Requirement
Extract the full listing verbatim and drop any pictures from your copy.

Given material
=== Begin Enclosure ===

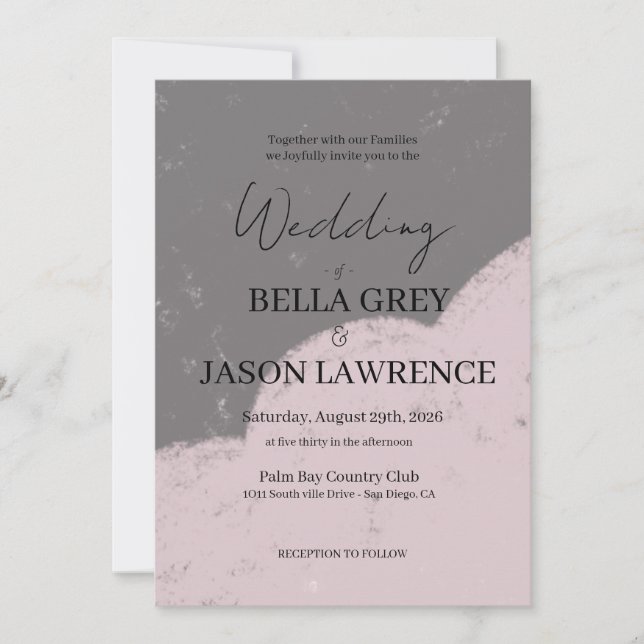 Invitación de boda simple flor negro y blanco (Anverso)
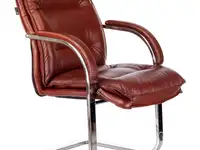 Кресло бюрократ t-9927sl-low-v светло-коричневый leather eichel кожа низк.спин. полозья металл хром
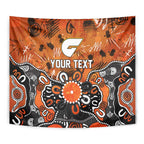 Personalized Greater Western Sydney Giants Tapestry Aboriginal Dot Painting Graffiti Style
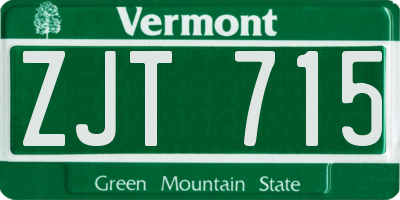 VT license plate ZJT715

=== End Enclosure ===

Written answer
 Invitación de boda simple flor negro y blanco (Anverso)
 Кресло бюрократ t-9927sl-low-v светло-коричневый leather eichel кожа низк.спин. полозья металл хром
 Personalized Greater Western Sydney Giants Tapestry Aboriginal Dot Painting Graffiti Style
 VT license plate ZJT715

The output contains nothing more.